The total revenues of Hoya's Life Care segment rose by 3.5 percent to 83.8 billion yen (€659.1m-$745.6m) in the quarter. However, the segment's pre-tax profit declined by 9.7 percent to ¥12.3 billion (€96.7m-$109.4m) because of the factors mentioned by Suzuki as well as acquisition and start-up costs, plus expenses made in advance to secure higher growth rates in the future.
The quarterly sales results were affected by changes in foreign exchange rates, including a 6.1 percent increase in the value of the yen against the euro, particularly in the narrower healthcare sector, where a large part of the revenues come from Europe.
In constant currencies, Life Care revenues were up by 6.1 percent and segment profits declined by 8 percent. Hoya's sales of healthcare-related products – including eyeglass lenses, contact lenses, endoscopes and intraocular devices – were up by only 2.9 percent to ¥62.4 billion (€490.8m-$555.2m) on a reported basis, but they would have increased by 5 percent if currency exchange rates had remained the same.
Hoya's sales of contact lenses, which are still largely confined to the Japanese market, rose by nearly 5 percent in the quarter, thanks in part to the opening of new Eyecity stores. The management noted that some of the new stores cannibalized those of existing locations to a larger extent than it had expected.
Sales of intraocular lenses jumped by 15 percent in local currencies. The growth would have been higher if Hoya had not faced capacity constraints, which should be resolved after new plants go into operation between the months of July and August.

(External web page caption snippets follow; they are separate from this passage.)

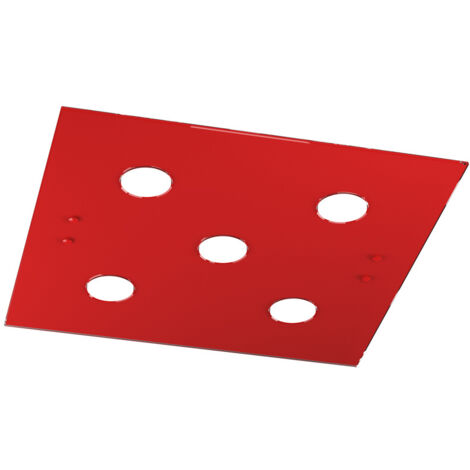 Plafoniera Moderna Quadrata Path Vetro Rosso 5 Luci Gx53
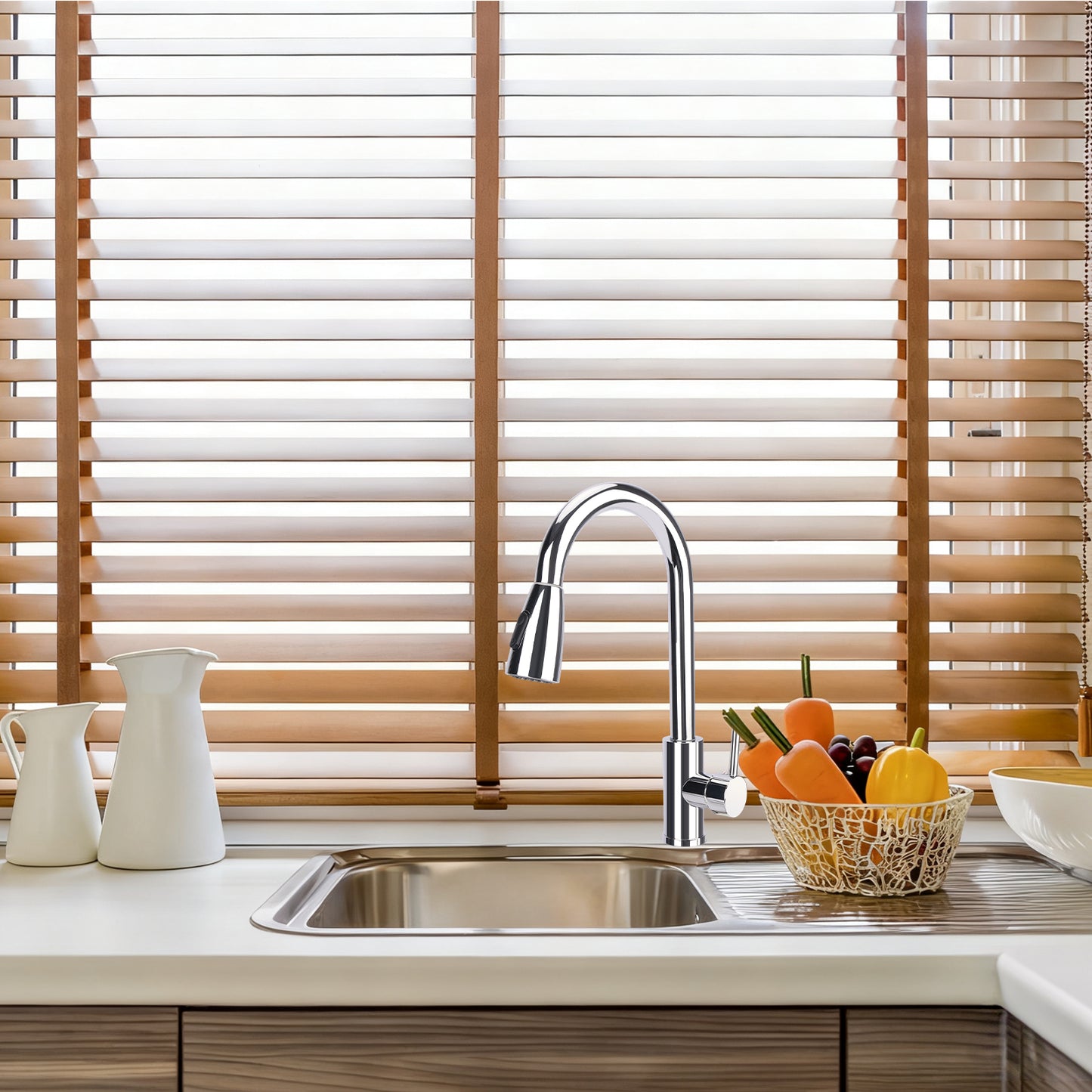 Kitchen sink with faucet and wooden blinds in the background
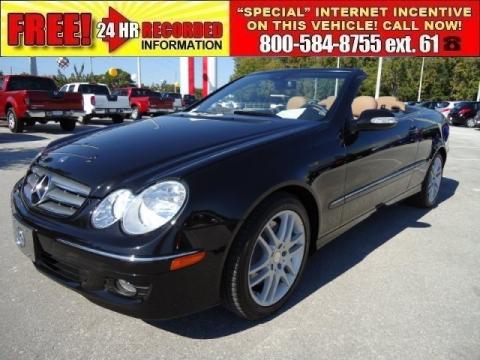 Obsidian Black Metallic Mercedes-Benz CLK 350 Cabriolet.  Click to enlarge.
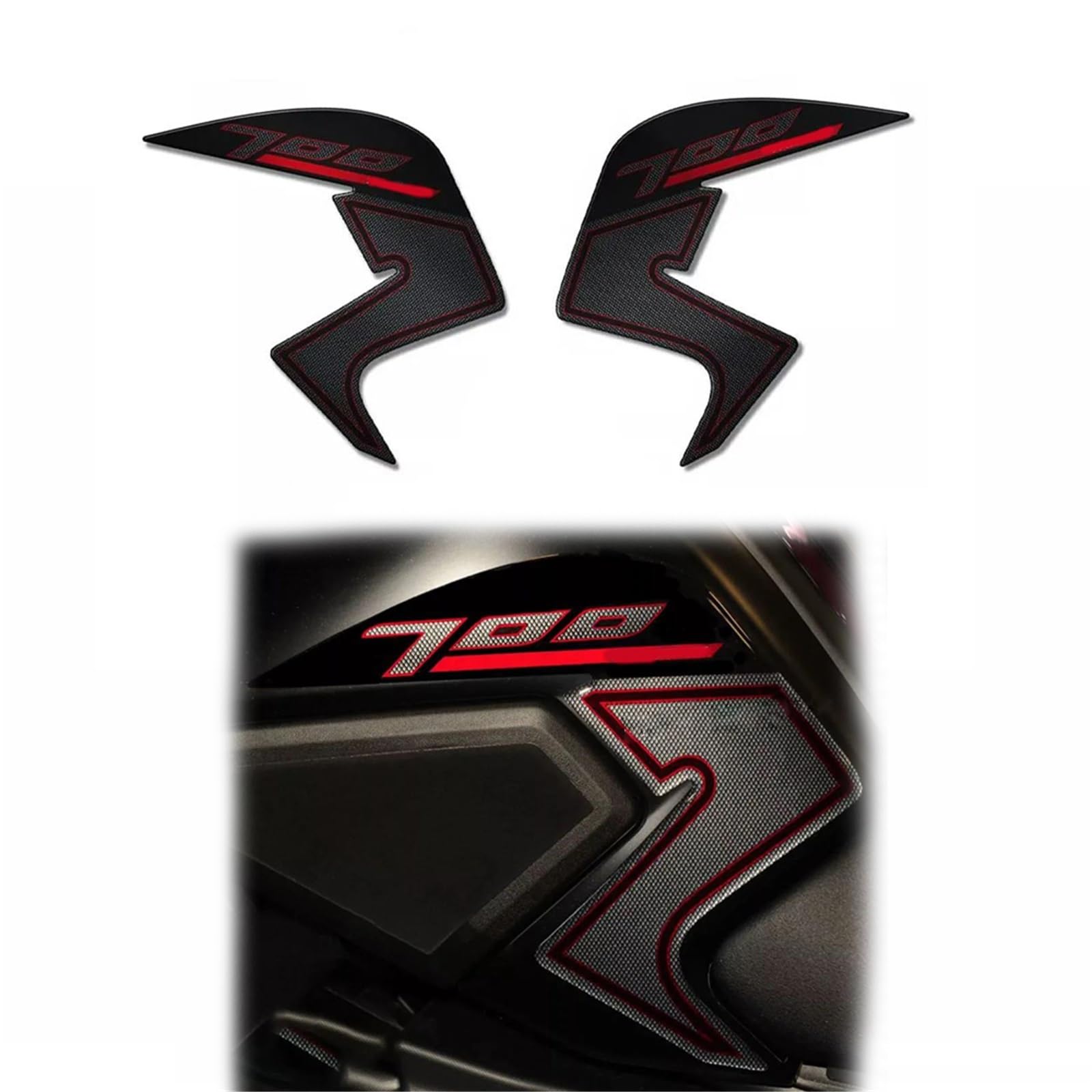 Tynbv Black- Silver Decorative Sticker Waterproof Pad Side Stickers Knee Grip Tank Traction Pads For Y-Amaha Tracer 700 2016-2019 2018 2017 Motorcycle Accessories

The entire turnover of the group increased by 3.8 percent to ¥126.3 billion (€993.3m-$1,123.7m) during the quarter. Pre-tax earnings rose by 5.4 percent to ¥24.4 billion (€191.9m-$217.1m), while the net income grew by 2.6 percent to almost ¥19 billion (€149.6m-$169.1m). On a constant-currency basis, the group's total revenues rose by 6.2 percent in the quarter, with eyeglasses and contact lenses rising at mid-single-digit rates, but pre-tax earnings were nearly unaffected.
For the full financial year ended on March 31, Hoya reported a sales decline in yen of 5.3 percent to ¥478.9 billion (€3.77bn-$4.26bn) and a drop in net earnings of 6.9 percent to ¥86.8 billion (€683.1m-$772.7m). The operating margin of the group declined to 23.1 percent from 23.6 percent in the previous year.
The Life Care segment's revenues declined by 2.6 percent to ¥314.4 billion (€2.47bn-$2.80bn) for the full year, and they generated an operating margin of 18.0 percent, down from 18.3 percent in the prior year.